C = Life’s circumstances

V = Factors under voluntary control

T = Time

Mid-life is when happiness bottoms out.

Investors pay heed.

Emotional Set Point is when we reach our goals and are inexplicably miserable.

According to Psychologist Jonathan Haidt,”Our inner incentive system rewards us with immediate but short-lived bursts of satisfaction for making progress toward a goal. Whereas actual arrival delivers fleeting pleasure but soon becomes the new baseline.”

Now what? This becomes an overriding unhealthy preoccupation. Think of unfortunate extremes like Anthony Bourdain and Kate Spade.

We become trapped on a Hedonic treadmill. A way to avoid this is to focus on process, not outcomes.  The investment journey is most important. Trying to time or beat the market subtracts from the happiness formula.

Who cares if you kill the S&P but are miserable in the process?

Social comparison is a bitch.

The only benchmark worth worrying about is: Will I be okay?

Factors Under Voluntary Control. A key to investor happiness is NOT stressing about things we can’t change. Trying to guess which asset class outperforms annually is a waste of time. Targeting things like fees, savings rates, and diversification provide the most satisfaction in the long run.

Don’t Overdo It. Worshipping at the temple of the narcissism of small differences isn’t a good look. Stressing yourself to save two basis points on an index fund isn’t time well spent.

Time. Time is a Baby Boomer’s temporary enemy but an investor’s best friend.  Rauch states, “Waiting is not a passive strategy. It’s not doing nothing. Waiting is a way of working with time and letting time work for us. Patience is not the whole answer for almost anyone but it is a part of the answer for almost anyone.”  Few describe compound interest any better.

Life’s Circumstances. We cannot control market circumstances; we can control our attitude towards them.  Josh Brown once said, “Fate is the cards you are dealt, destiny is how you play them.” Investors need to live in the present and realize that bull and bear markets aren’t permanent fixtures. The Market Gods owe you nothing.

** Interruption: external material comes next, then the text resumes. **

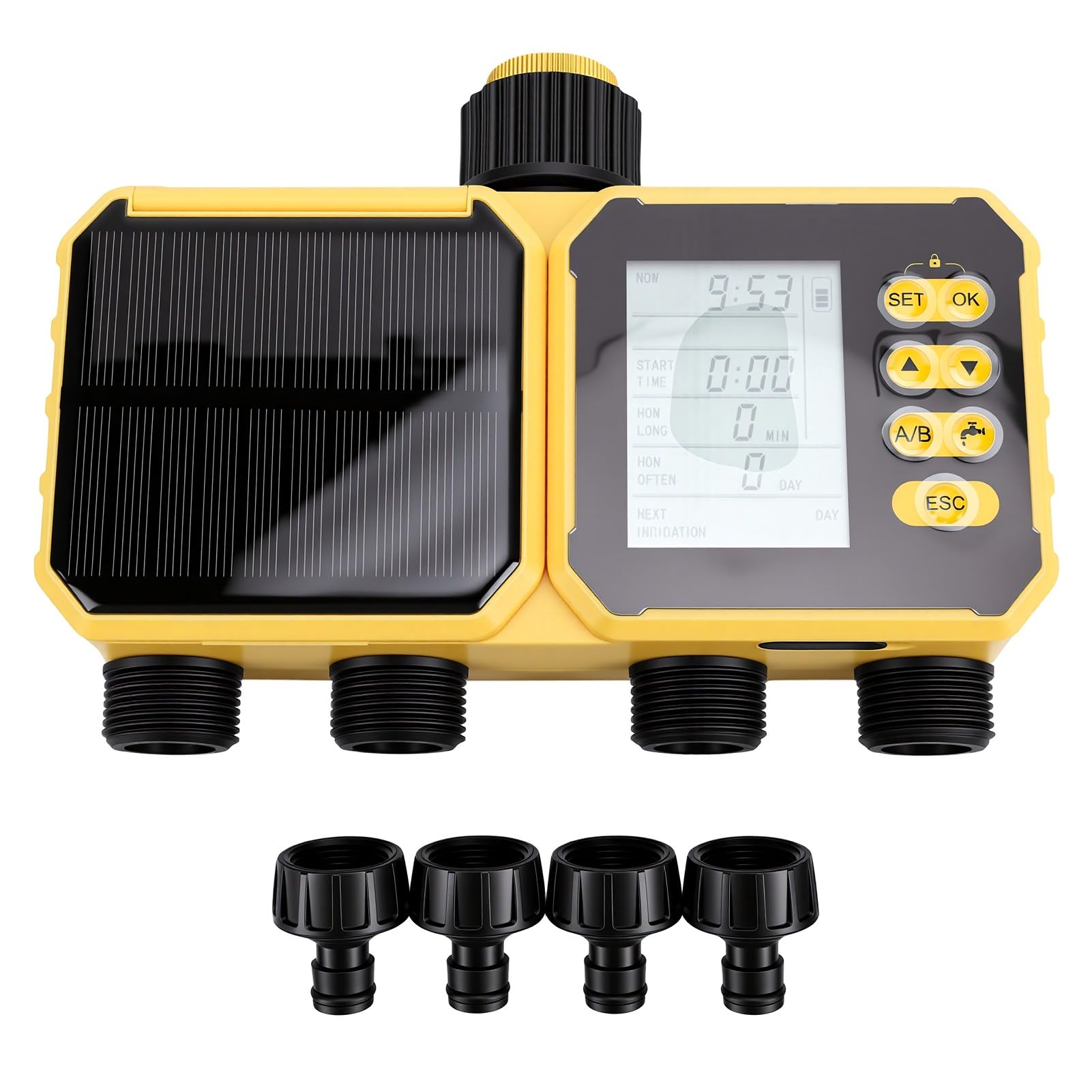 Eujgoov Centralina Irrigazione WiFi, Programmatore Irrigazione a 4 Zone, Timer per Tubo for Giardino e Esterna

Embrace the hard times. This is where you will learn the most.

Pain + Reflection = Progress (Ray Dalio)

“Disappointment about the past and pessimism about the future squeeze out fulfillment in the present.” Rauch is discussing middle-age angst, but could easily be describing an investor’s psyche.

Cheer up!

The happiness curve is on your side. The best years of your life and portfolio may lie in the decades ahead.

Remember that during your next mid-life or market crisis.